The CSIRO's bid to monetise its intellectual property incorporated in 802.11a wireless LAN technology has gained widespread publicity. Now a long-running battle by another Australian company to extract licence fees from manufacturers of asynchronous transfer mode technology could be in the spotlight following it gaining a US patent for a key component of all ATM products. Perth-based ASX-listed Ipernica (ASX: IPR - that this also stands for intellectual property rights is deliberate) announced on 8 January that the United States Patent and Trademark Office (USPTO) had issued it with a patent covering its Segmentation and Reassembly (SAR) technology.
It already holds patents for the technology in Germany, Canada, Australia and the United Kingdom and has for several years been engaged in court action in Germany against Siemens and Deutsche Telekom seeking to extract licence fees.

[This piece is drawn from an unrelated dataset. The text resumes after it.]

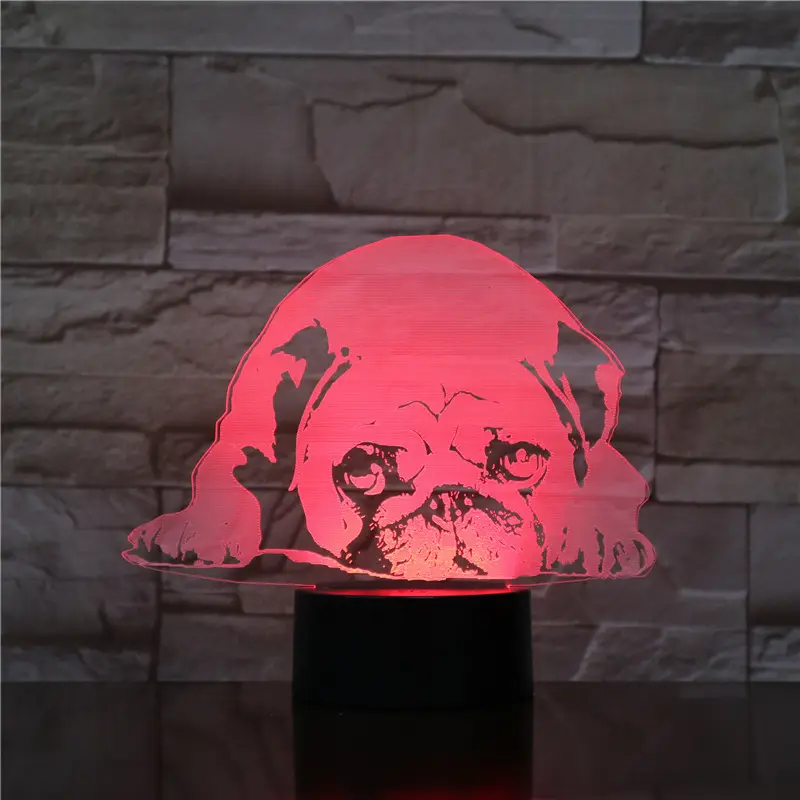 Pug Dog Desk Lamp Bedside 3D Illusion 7 Color Changing Hoom Decorative Child Kids Night Light LED Lamp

However it has had no success to date, despite early announcements that it expected tens of million of dollars of licence revenue to flow into its coffers in the following year.

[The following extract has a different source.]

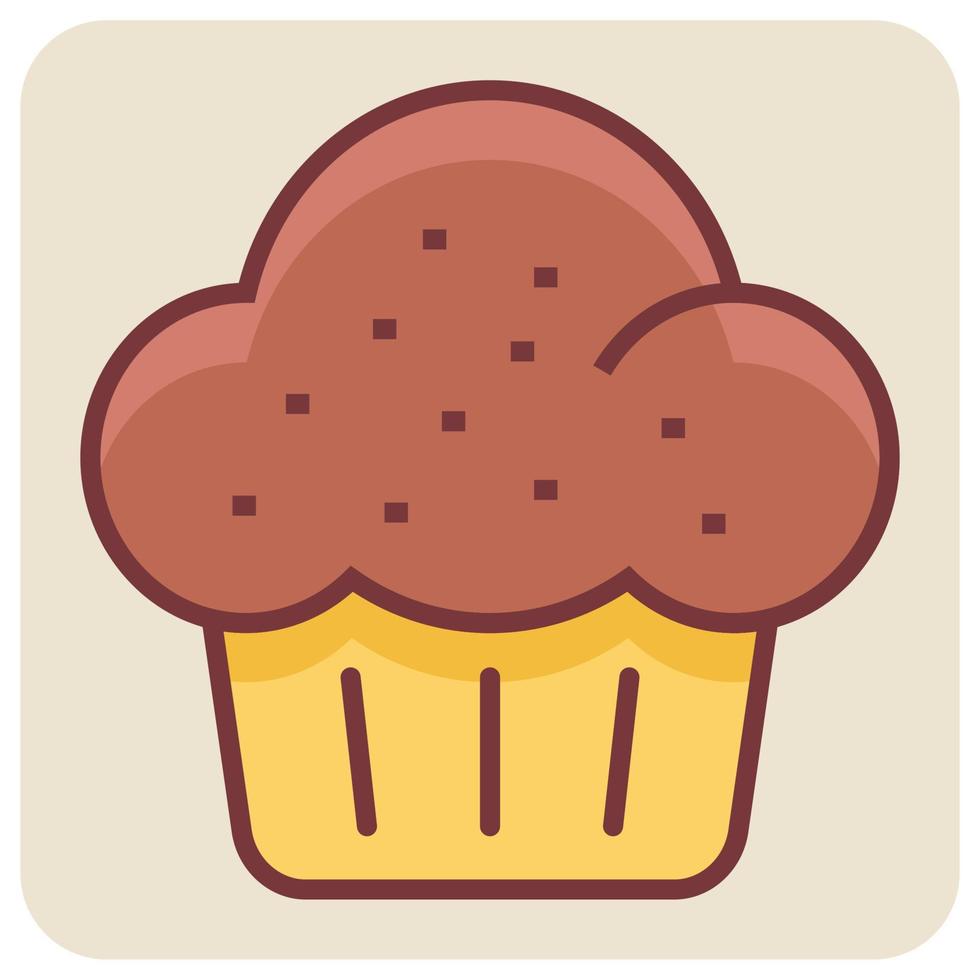 Filled color outline icon for cupcake. vector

"The US patent represents a major addition to our SAR patent portfolio, since the US is home to many world leaders in the manufacture and sale of wide area network products, such as ATM telecommunications equipment", Graham Griffiths, Ipernica's managing director said...Securing this patent protection in the US for the SAR technology represents a significant company milestone and concludes what has been an ongoing process of more than 10 years. The rigorous process adopted by the USPTO gives us comfort that our SAR intellectual property rights are fully enforceable".
If Ipernica is ultimately successful in prosecuting its IPR claims the revenue potential would be enormous, and would be gained by retrospective application to ATM equipment already sold. The patent would be back-dated to 1991 and would expire in 2008. However it would cover the most important period in ATM usage: the technology, still the core of telco transmission networks is now being phased out in favour of Internet protocol systems.
When queried about the patents, Griffiths told iTWire: "We are talking about a patent family, all with the 1991 priority date, and extending through 2008. So we have coverage over the important period when ATM deployment peaked, although as we near the end of patent life, Internet Protocol based networks increasingly are replacing carrier ATM networks."